Problems with egg retrieval and embryo transfer

The surgical procedures themselves, the egg retrieval and the embryo transfer, are very important to the success of an IVF cycle.  Retrieving fewer eggs than expected, or even worse – failing to retrieve any eggs, can lead to an adverse outcome.  In addition, during the embryo transfer procedure – one of the most important steps of the entire cycle – embryos must be placed in the correct location.  In our program, we perform a trial transfer in order to determine, in advance, the optimal location for embryo placement.  In addition, prior to transferring the embryos, your physician will take great pains to remove any cervical mucus or other cellular debris that may plug up the transfer catheter.  We also pre-treat all of our patients with a smooth muscle relaxant in order to prevent contractions of the uterus.

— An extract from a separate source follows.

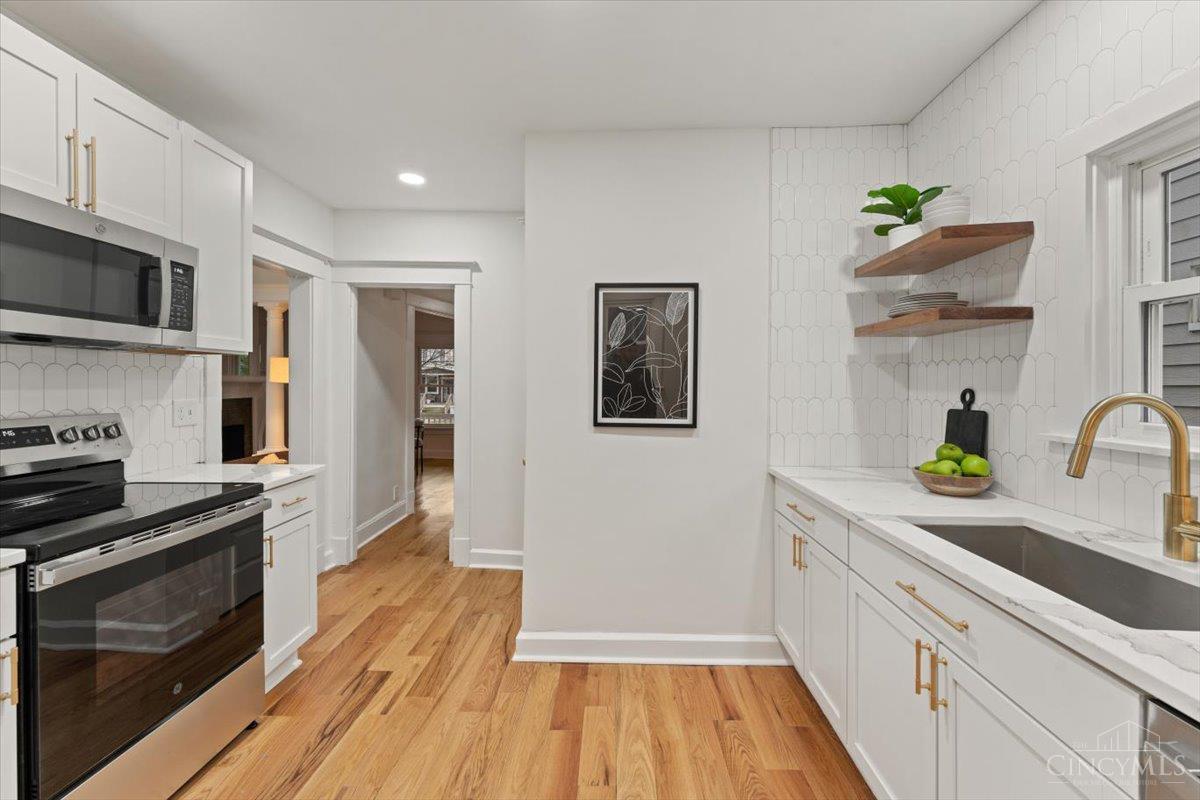 1942 Hewitt Avenue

Despite all of the challenges noted above, in vitro fertilization remains extraordinarily successful.  A large nationwide study lead by our physicians and involving over 55,000 IVF cycles from 54 different programs throughout the United States, revealed that a couple’s chance of delivering a baby is the same in their first three cycles of in vitro fertilization.  In other words, even if a couple fails to conceive in their first two IVF cycles, their chance for success in the third cycle is still the same as it was in cycle one or two.  If, however a couple fails to conceive after three cycles of in vitro fertilization, their chance for a successful conception in another IVF cycle diminishes drastically.  At that point in time, they should consider other options such as seeking treatment at another facility, donor gametes or other alternatives.

Many patients are referred to TFC following unsuccessful treatment elsewhere.  After reviewing their medical records, we may suggest such things as an alternative stimulation regimen, a different IVF protocol, the use if ICSI or even pre-implantation genetic screening, or proceeding to donor gametes.  It is important to realize that different IVF centers may approach the same patient in a different manner; therefore failure at one facility does not have to mean that you should give up on your dream of having a baby.